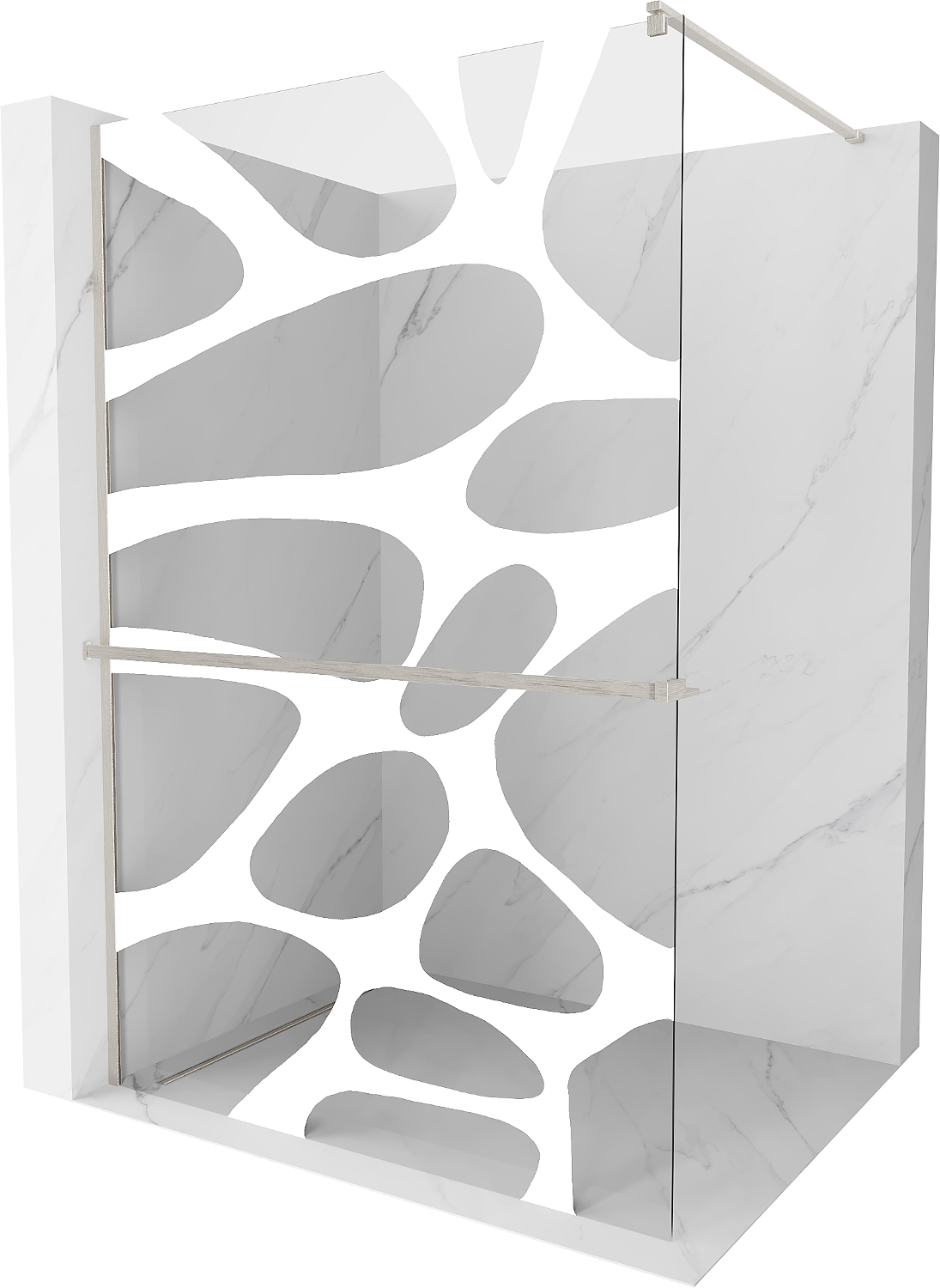 Mexen Kioto+ ścianka prysznicowa z półką Walk-in 70 x 200 cm, biały wzór, nikiel szczotkowany - 800-070-121-97-97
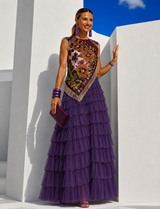 Conjunto Lisboa 2 piezas color vino top estampado y 4 colores de falda tul tupida cintura elástica, tallas (34-48) vídeo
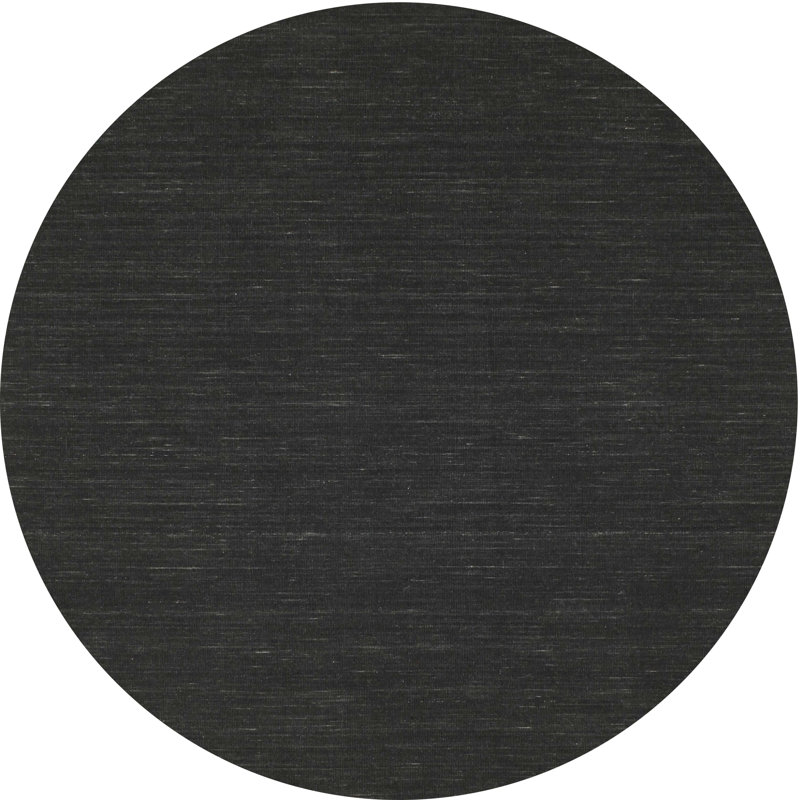 Tapis contemporain noir, Rond 5 pi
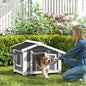 Cușcă pentru Câini Căsuță pentru Câini de Exterior din Lemn, 98x76x69.5cm
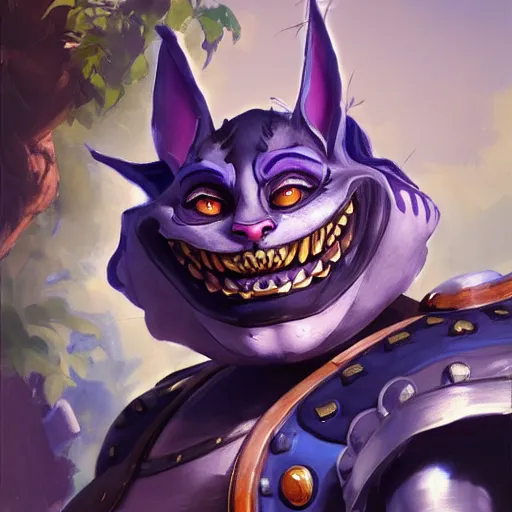 Prompt: greg manchess portrait painting of partially armored cheshire cat from alice in wonderland as overwatch character, medium shot, asymmetrical, profile picture, organic painting, sunny day, matte painting, bold shapes, hard edges, street art, trending on artstation, by huang guangjian, gil elvgren, ruan jia, randy vargas, greg rutkowski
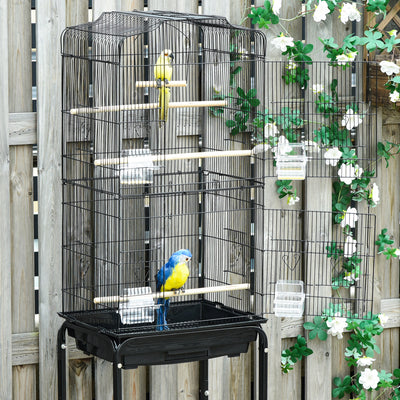 PawHut Bird Cage Budgie Cages for Finch Canary Parakeet with Stand Wheels Slide-out Tray Accessories Storage Shelf, Black 46.5 x 36 x 157 cm 
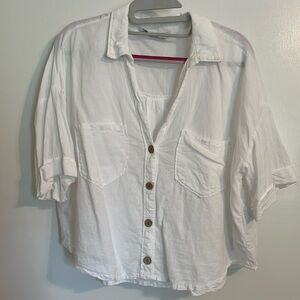 Zara linen blend crop shirt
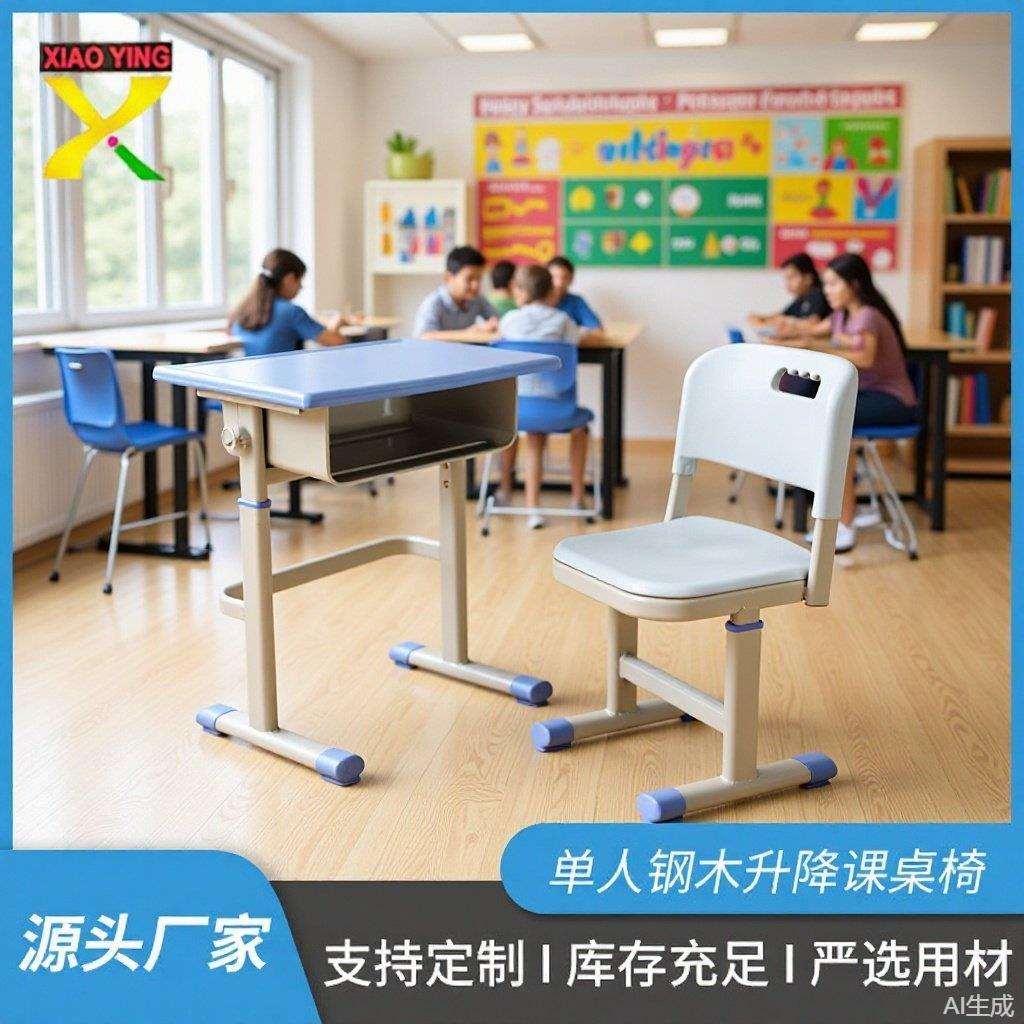 学生桌椅培训学校辅导班桌椅可升降单人中小学生课套装可升降调节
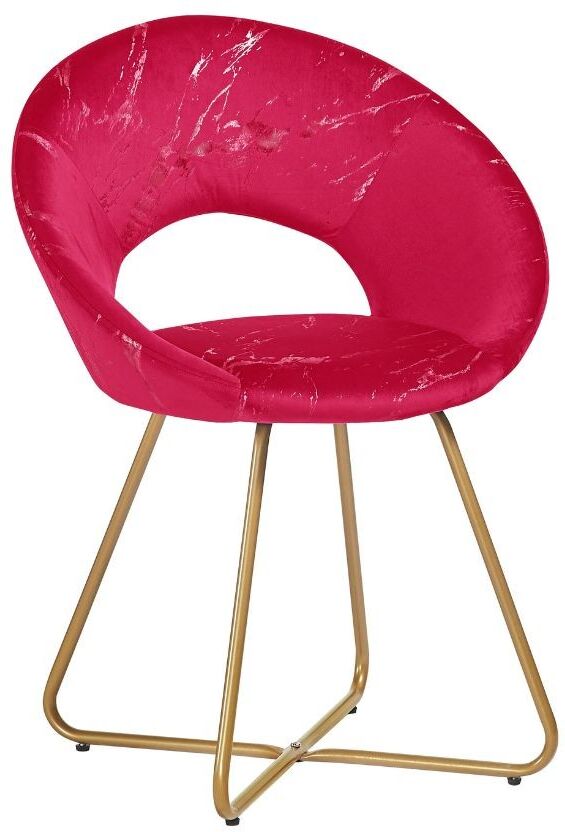 Toscohome Poltroncina in velluto rosso con gambe in metallo dorato - Etere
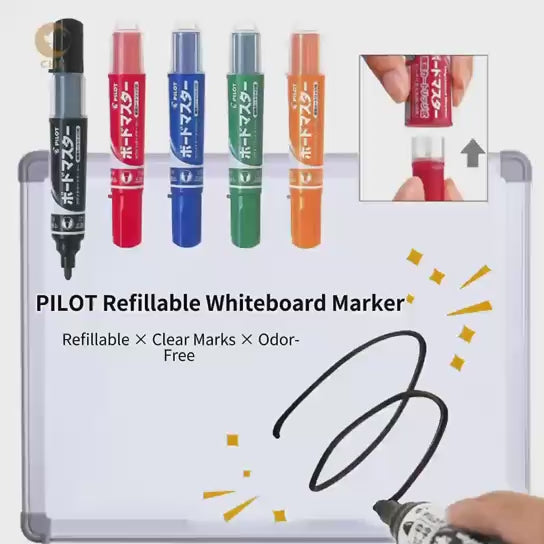 PILOT WMBM-18BM Whiteboard Pen (Can be refilled by cartridges) (5 colors) - CHL-STORE 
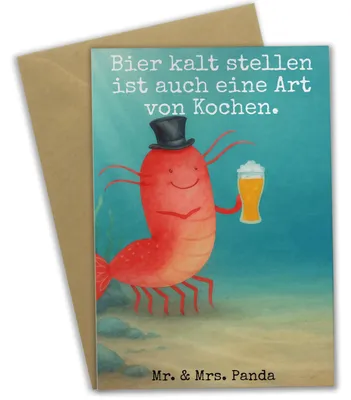 Produktbild von Mr. & Mrs. Panda Klappkarte Hummer Weizen Design - Weiß - Geschenk, Meer, Wirtschaft, Garnelen, einladungskarten, dankeskarten, Grußkarten, hochzeitskarten, Kochen, Bier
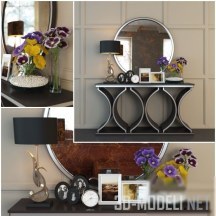 Консольный стол Chopard с круглым зеркалом и декором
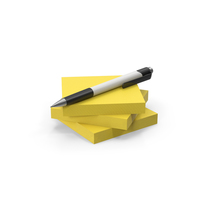 Stack Of Sticky Notes With Pen PNG & PSD Images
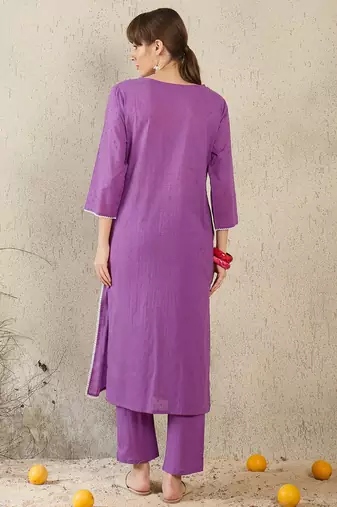 Purple embroidered cotton kurta trouser set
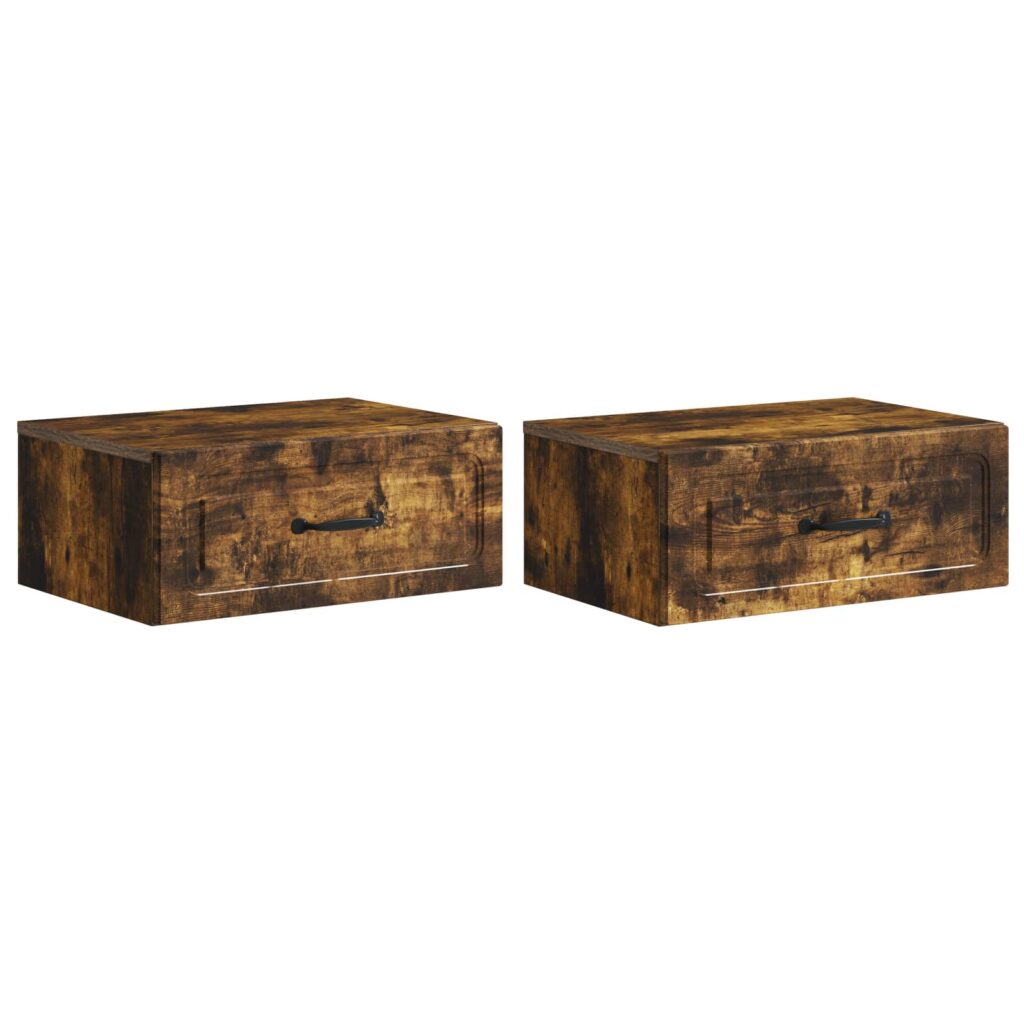 Seinälle Kiinnitettävä Yöpöytä 2 pcs Savutammi Tekninen puu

..............................

YOUR OBJECTIVE: The task requires that every line above be transcribed exactly, without the images.

SOLUTION FOR THIS TASK:
 Mexen Kioto+ ścianka prysznicowa z półką Walk-in 70 x 200 cm, biały wzór, nikiel szczotkowany - 800-070-121-97-97
 Conjunto Lisboa 2 piezas color vino top estampado y 4 colores de falda tul tupida cintura elástica, tallas (34-48) vídeo
 Tapis contemporain noir, Rond 5 pi
 Cușcă pentru Câini Căsuță pentru Câini de Exterior din Lemn, 98x76x69.5cm
 Prompt: greg manchess portrait painting of partially armored cheshire cat from alice in wonderland as overwatch character, medium shot, asymmetrical, profile picture, organic painting, sunny day, matte painting, bold shapes, hard edges, street art, trending on artstation, by huang guangjian, gil elvgren, ruan jia, randy vargas, greg rutkowski
 PawHut Bird Cage Budgie Cages for Finch Canary Parakeet with Stand Wheels Slide-out Tray Accessories Storage Shelf, Black 46.5 x 36 x 157 cm 
 Zara linen blend crop shirt
 学生桌椅培训学校辅导班桌椅可升降单人中小学生课套装可升降调节
 Toscohome Poltroncina in velluto rosso con gambe in metallo dorato - Etere
 PILOT WMBM-18BM Whiteboard Pen (Can be refilled by cartridges) (5 colors) - CHL-STORE 
 Produktbild von Mr. & Mrs. Panda Klappkarte Hummer Weizen Design - Weiß - Geschenk, Meer, Wirtschaft, Garnelen, einladungskarten, dankeskarten, Grußkarten, hochzeitskarten, Kochen, Bier
 Консольный стол Chopard с круглым зеркалом и декором
 Stack Of Sticky Notes With Pen PNG & PSD Images
 Purple embroidered cotton kurta trouser set
 Seinälle Kiinnitettävä Yöpöytä 2 pcs Savutammi Tekninen puu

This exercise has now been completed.